Ore interminabili trascorsero nella casupola dell’aldio Venanzio. Il forestiero giaceva sempre immobile sul pagliericcio, mentre Faustina alternava le preghiere alla Vergine ai vani tentativi di alleviare la febbre dello sconosciuto.
Suonava il vespero, quando Venanzio bussò alla capanna di Gerperta, che si trovava isolata nel folto del bosco, a quasi mezz’ora di cammino dal borgo.

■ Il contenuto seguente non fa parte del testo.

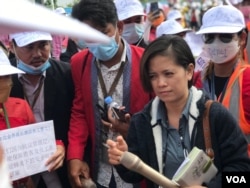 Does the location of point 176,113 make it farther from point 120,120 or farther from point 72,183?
point 72,183

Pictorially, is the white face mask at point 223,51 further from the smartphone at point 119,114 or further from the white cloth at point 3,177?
the white cloth at point 3,177

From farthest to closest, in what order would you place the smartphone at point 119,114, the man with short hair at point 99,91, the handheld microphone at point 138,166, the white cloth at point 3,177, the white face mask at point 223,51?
the white face mask at point 223,51 → the man with short hair at point 99,91 → the smartphone at point 119,114 → the handheld microphone at point 138,166 → the white cloth at point 3,177

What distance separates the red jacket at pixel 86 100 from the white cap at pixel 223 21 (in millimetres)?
474

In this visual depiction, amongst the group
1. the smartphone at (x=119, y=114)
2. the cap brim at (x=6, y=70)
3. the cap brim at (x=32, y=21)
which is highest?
the cap brim at (x=32, y=21)

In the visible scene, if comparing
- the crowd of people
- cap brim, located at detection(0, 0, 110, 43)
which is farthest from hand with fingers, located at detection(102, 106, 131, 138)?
cap brim, located at detection(0, 0, 110, 43)

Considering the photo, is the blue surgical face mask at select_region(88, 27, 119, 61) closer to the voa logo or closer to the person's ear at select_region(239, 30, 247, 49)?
the person's ear at select_region(239, 30, 247, 49)

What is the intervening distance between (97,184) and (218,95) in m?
0.94

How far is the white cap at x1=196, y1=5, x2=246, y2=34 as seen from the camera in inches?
113

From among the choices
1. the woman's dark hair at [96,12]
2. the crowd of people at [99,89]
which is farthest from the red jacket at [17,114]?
the woman's dark hair at [96,12]

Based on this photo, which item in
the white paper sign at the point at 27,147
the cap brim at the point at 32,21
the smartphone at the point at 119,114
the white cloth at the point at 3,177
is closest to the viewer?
the cap brim at the point at 32,21

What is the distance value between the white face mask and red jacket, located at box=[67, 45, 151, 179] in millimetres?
467

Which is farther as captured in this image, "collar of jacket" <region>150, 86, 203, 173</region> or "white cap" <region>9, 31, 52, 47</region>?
"white cap" <region>9, 31, 52, 47</region>

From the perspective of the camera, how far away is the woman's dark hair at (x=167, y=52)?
2184 mm

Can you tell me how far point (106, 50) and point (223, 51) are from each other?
0.72m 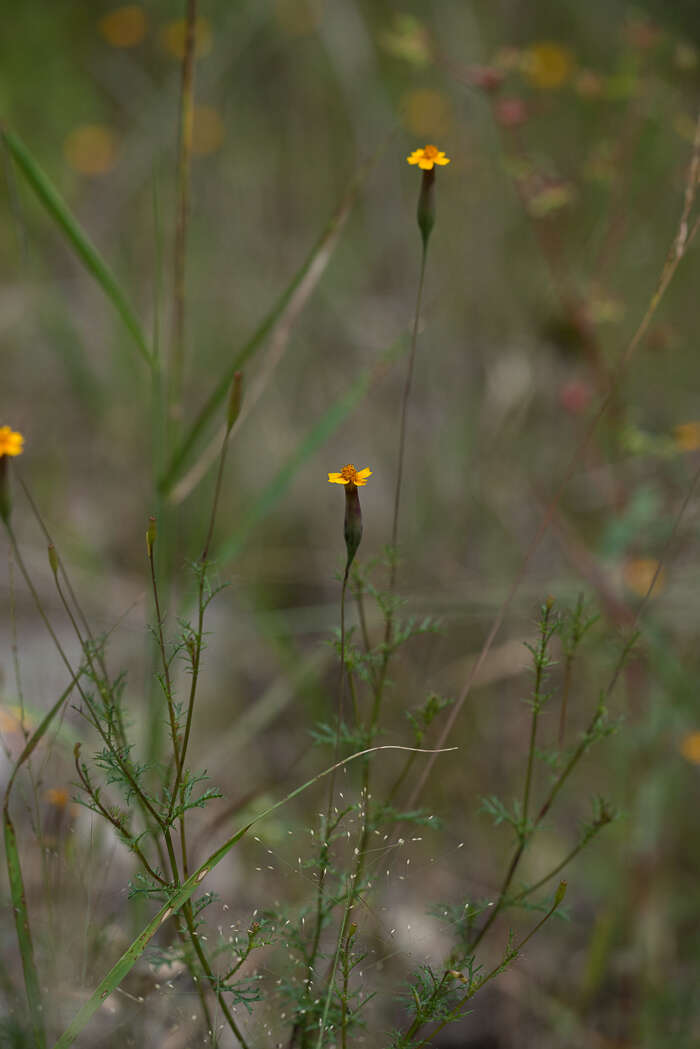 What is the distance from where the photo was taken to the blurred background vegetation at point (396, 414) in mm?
1407

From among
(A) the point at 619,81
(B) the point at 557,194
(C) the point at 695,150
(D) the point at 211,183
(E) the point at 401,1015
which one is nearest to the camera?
(C) the point at 695,150

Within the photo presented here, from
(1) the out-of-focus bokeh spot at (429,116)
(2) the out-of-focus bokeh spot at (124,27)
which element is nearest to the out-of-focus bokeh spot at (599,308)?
(1) the out-of-focus bokeh spot at (429,116)

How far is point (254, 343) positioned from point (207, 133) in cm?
245

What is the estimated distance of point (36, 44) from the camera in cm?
348

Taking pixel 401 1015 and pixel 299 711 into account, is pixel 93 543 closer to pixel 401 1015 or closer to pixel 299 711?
pixel 299 711

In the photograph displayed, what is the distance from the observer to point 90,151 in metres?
3.28

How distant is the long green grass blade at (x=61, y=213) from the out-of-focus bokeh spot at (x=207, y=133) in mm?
2296

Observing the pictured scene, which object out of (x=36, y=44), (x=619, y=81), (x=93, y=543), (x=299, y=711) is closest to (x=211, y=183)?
(x=36, y=44)

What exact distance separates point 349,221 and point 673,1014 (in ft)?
8.59

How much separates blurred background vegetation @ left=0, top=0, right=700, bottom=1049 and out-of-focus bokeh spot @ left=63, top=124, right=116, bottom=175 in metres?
0.02

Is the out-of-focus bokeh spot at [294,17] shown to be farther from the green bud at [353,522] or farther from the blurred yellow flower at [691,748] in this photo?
the green bud at [353,522]

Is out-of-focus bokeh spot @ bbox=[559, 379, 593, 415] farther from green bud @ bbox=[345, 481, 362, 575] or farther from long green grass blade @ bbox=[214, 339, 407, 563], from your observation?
green bud @ bbox=[345, 481, 362, 575]

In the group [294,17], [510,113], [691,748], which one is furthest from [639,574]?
[294,17]

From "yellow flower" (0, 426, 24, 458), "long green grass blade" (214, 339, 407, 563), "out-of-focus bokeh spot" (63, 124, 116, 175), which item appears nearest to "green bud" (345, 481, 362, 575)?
"yellow flower" (0, 426, 24, 458)
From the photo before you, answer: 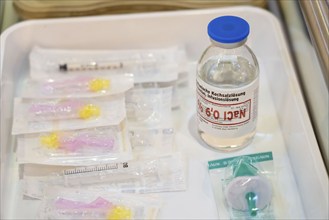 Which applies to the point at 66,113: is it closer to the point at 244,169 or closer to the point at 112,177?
the point at 112,177

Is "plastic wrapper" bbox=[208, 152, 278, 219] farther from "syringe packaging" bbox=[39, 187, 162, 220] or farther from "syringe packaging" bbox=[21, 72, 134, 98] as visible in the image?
"syringe packaging" bbox=[21, 72, 134, 98]

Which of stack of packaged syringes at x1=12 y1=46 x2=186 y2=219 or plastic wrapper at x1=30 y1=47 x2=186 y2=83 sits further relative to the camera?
plastic wrapper at x1=30 y1=47 x2=186 y2=83

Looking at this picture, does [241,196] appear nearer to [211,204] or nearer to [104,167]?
[211,204]

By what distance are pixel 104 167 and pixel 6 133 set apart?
0.51 feet

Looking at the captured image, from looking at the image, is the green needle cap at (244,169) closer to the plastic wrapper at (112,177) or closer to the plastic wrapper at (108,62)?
the plastic wrapper at (112,177)

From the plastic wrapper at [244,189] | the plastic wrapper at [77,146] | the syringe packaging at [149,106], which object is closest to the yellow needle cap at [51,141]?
the plastic wrapper at [77,146]

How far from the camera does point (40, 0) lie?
0.86 meters

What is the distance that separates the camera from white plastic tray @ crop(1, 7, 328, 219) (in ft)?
2.16

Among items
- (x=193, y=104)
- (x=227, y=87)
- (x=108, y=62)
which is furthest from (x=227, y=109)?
(x=108, y=62)

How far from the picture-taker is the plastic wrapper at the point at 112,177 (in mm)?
681

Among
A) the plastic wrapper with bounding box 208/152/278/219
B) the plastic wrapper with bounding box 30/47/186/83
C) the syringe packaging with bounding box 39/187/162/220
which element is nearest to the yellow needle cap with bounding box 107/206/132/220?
the syringe packaging with bounding box 39/187/162/220

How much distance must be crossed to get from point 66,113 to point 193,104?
19 cm

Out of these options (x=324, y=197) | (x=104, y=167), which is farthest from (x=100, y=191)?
(x=324, y=197)

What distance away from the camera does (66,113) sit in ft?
2.41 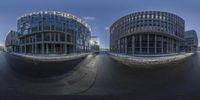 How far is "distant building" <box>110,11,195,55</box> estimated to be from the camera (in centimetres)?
4400

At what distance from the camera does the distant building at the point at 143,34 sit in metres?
44.0

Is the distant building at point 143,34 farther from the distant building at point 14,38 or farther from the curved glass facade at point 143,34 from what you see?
the distant building at point 14,38

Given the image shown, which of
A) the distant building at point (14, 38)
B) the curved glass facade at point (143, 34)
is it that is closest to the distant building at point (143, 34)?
the curved glass facade at point (143, 34)

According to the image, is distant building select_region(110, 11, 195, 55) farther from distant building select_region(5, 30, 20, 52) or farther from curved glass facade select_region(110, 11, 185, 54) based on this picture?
distant building select_region(5, 30, 20, 52)

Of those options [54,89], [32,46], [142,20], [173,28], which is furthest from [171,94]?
[173,28]

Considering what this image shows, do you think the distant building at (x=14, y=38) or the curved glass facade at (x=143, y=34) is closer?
the distant building at (x=14, y=38)

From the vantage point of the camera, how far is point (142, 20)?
44.2 meters

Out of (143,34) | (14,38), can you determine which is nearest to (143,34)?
(143,34)

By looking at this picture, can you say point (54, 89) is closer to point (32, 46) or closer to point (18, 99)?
point (18, 99)

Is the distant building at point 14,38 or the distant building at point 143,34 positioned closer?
the distant building at point 14,38

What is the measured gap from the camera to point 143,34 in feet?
150

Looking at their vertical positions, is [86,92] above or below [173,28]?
below

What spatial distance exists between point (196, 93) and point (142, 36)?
4224 centimetres

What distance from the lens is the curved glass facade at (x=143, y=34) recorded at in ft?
144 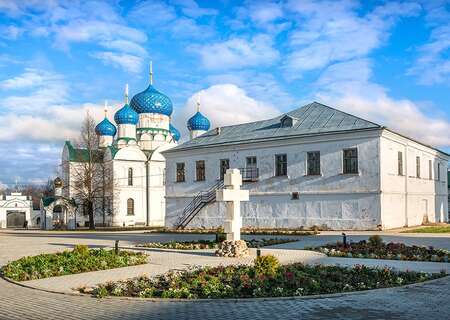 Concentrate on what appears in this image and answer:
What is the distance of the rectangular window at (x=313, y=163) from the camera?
100ft

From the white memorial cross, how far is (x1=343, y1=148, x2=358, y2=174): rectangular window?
14549 millimetres

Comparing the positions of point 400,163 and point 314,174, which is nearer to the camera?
point 314,174

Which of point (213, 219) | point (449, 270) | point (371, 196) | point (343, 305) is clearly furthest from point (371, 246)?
point (213, 219)

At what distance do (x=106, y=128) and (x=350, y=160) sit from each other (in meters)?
34.7

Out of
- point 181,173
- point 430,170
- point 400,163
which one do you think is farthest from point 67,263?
point 430,170

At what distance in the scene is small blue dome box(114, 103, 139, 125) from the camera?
2144 inches

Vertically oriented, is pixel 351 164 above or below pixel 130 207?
above

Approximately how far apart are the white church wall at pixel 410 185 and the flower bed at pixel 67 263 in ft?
58.5

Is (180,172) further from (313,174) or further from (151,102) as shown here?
(151,102)

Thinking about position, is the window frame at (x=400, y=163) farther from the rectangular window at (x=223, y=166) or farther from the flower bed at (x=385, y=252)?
the flower bed at (x=385, y=252)

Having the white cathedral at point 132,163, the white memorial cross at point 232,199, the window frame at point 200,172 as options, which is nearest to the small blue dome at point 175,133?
the white cathedral at point 132,163

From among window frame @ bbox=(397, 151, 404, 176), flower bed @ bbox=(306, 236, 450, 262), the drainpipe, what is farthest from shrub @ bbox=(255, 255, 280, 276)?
the drainpipe

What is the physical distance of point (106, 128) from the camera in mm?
57312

La vecchia comprese immediatamente che l’aldio aveva bisogno delle sue arti di guaritrice e lo seguì dopo aver infilato in una bisaccia un coltellino, gusci di noce chiusi da fili di lana colorata e una preziosa ampollina di vetro avvolta in un panno.
«È uno dei tuoi figli ad avere la febbre convulsa? L’ha morso un cane rabbioso? Se è stato un cane nero non potrò far niente per salvarlo, se invece…»

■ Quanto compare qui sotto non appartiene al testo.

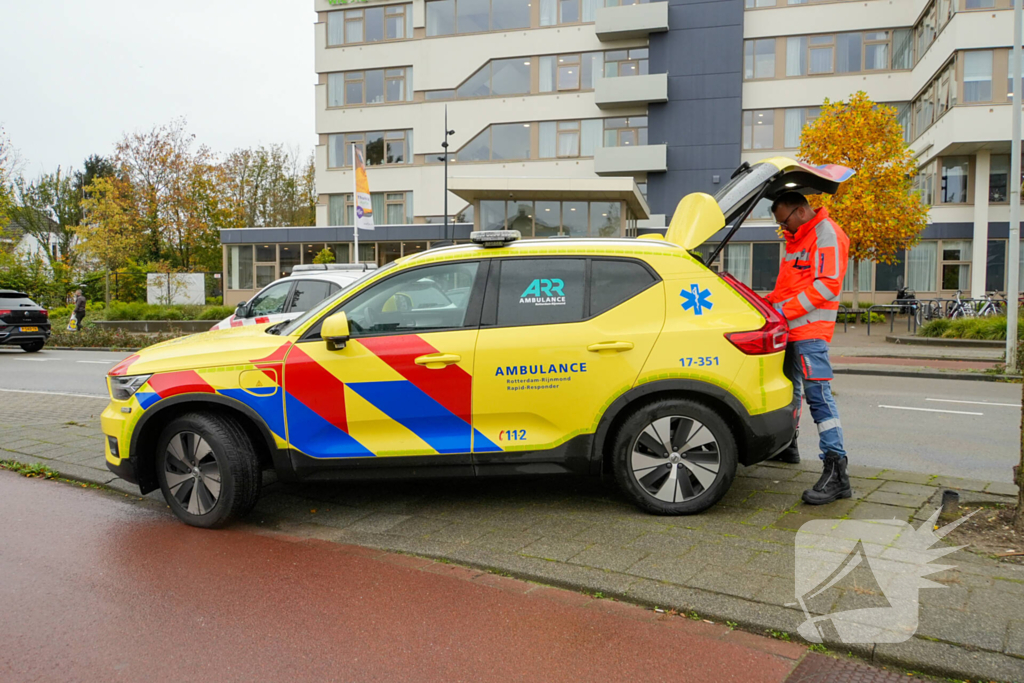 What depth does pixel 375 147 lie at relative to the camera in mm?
42938

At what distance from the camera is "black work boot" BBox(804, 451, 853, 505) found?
4867 millimetres

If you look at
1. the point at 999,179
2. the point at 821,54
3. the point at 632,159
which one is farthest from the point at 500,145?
the point at 999,179

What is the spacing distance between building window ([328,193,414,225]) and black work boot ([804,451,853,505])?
3888 centimetres

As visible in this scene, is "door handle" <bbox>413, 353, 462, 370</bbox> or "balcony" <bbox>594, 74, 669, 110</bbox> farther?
"balcony" <bbox>594, 74, 669, 110</bbox>

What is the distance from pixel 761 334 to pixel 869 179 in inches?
950

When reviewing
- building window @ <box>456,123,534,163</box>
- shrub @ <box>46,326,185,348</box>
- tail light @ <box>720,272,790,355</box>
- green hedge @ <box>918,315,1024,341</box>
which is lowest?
shrub @ <box>46,326,185,348</box>

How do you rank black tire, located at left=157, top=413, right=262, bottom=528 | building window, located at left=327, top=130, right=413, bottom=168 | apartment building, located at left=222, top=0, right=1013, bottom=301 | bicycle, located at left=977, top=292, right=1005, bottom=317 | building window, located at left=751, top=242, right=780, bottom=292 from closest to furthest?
black tire, located at left=157, top=413, right=262, bottom=528, bicycle, located at left=977, top=292, right=1005, bottom=317, apartment building, located at left=222, top=0, right=1013, bottom=301, building window, located at left=751, top=242, right=780, bottom=292, building window, located at left=327, top=130, right=413, bottom=168

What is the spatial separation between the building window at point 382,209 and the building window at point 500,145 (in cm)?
416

«No, non è uno dei miei figli che sta male. Stamattina ho trovato un forestiero giù al fosso, è ferito e svenuto, non sappiamo chi sia né da dove venga.»
La donna era di poche parole, si borbottò qualcosa che Venanzio non capiva e si avviò zoppicando dietro l’aldio.

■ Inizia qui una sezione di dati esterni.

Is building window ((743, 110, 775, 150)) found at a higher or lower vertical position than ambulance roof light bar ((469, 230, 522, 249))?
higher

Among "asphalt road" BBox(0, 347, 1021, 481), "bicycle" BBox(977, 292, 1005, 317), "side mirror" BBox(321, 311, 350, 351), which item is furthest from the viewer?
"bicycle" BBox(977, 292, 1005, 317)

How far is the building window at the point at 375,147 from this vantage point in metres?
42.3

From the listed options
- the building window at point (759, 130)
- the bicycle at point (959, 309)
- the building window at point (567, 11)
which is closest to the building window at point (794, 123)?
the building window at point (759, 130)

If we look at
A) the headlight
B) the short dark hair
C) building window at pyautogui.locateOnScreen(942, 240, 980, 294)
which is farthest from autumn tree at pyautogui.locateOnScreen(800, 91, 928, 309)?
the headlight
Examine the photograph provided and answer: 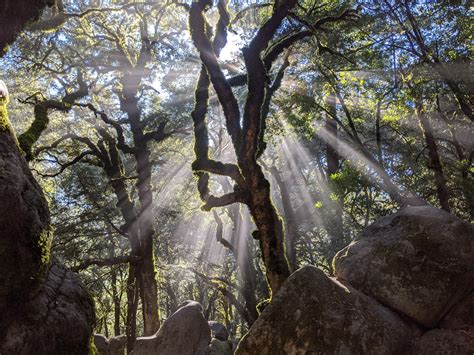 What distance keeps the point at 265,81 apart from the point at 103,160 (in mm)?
8442

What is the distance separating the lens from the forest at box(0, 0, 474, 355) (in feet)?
19.9

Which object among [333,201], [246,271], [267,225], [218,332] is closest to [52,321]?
[267,225]

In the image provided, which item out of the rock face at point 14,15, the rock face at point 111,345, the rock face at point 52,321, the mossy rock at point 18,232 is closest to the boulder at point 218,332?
the rock face at point 111,345

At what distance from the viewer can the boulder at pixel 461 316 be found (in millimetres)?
7812

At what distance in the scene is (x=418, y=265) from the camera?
27.3ft

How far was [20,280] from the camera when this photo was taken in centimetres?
515

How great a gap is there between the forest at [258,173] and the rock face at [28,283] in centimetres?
2

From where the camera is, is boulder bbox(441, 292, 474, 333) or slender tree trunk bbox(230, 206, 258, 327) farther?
slender tree trunk bbox(230, 206, 258, 327)

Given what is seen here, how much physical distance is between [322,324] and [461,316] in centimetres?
339

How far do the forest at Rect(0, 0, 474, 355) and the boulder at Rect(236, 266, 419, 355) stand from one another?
3 centimetres

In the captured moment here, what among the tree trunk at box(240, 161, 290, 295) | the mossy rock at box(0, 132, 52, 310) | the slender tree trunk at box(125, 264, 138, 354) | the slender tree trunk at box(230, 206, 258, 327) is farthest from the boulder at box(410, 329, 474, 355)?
the slender tree trunk at box(230, 206, 258, 327)

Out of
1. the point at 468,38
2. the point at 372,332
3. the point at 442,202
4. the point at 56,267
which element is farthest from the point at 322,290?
the point at 468,38

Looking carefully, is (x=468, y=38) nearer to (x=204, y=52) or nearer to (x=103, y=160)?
(x=204, y=52)

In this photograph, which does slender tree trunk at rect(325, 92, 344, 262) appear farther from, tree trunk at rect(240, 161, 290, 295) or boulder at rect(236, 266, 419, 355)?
boulder at rect(236, 266, 419, 355)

«Siate la benvenuta in questa casa, domina Gerperta…» disse Faustina sottovoce aprendo l’uscio.
«Ah, non fare troppe cerimonie Faustina, e portami subito dal moribondo,» replicò la vecchia.
Con le sue mani nodose tastò il collo e la fronte dell’uomo, tolse la benda dalla ferita purulenta e cominciò a trafficare dentro la sacca, biascicando parole incomprensibili nella lingua dei suoi antenati. «Devono avere tentato di mozzargli la mano,» dichiarò alla fine, «non so se riuscirà a sopravvivere.»
Gerperta aprì uno dei gusci di noce, che conteneva un unguento biancastro. Versò qualche goccia del liquido giallo dall’ampollina di vetro e mescolò con un bastoncino.
«Non sarebbe stato meglio chiamare il diacono Cassiano? Avrebbe potuto benedire la ferita con la reliquia della tunica miracolosa di san Giovanni.» sussurrò Faustina all’orecchio del marito.
«Aspettiamo, magari la vecchia riesce a guarirlo…» rispose Venanzio sottovoce.
«Sarà il fuoco a farlo guarire, l’unguento da solo non basta,» disse Gerperta, come se avesse udito le parole dei due aldii. Estrasse il coltello dalla bisaccia e arroventò la lama sul braciere.
Senza esitare un istante, Gerperta posò sulla piaga infetta il ferro incandescente, pronunciando più volte la formula arcana: «Ben zi bena, bluot zi bluoda, lid zi geliden, sose gelimida sin.»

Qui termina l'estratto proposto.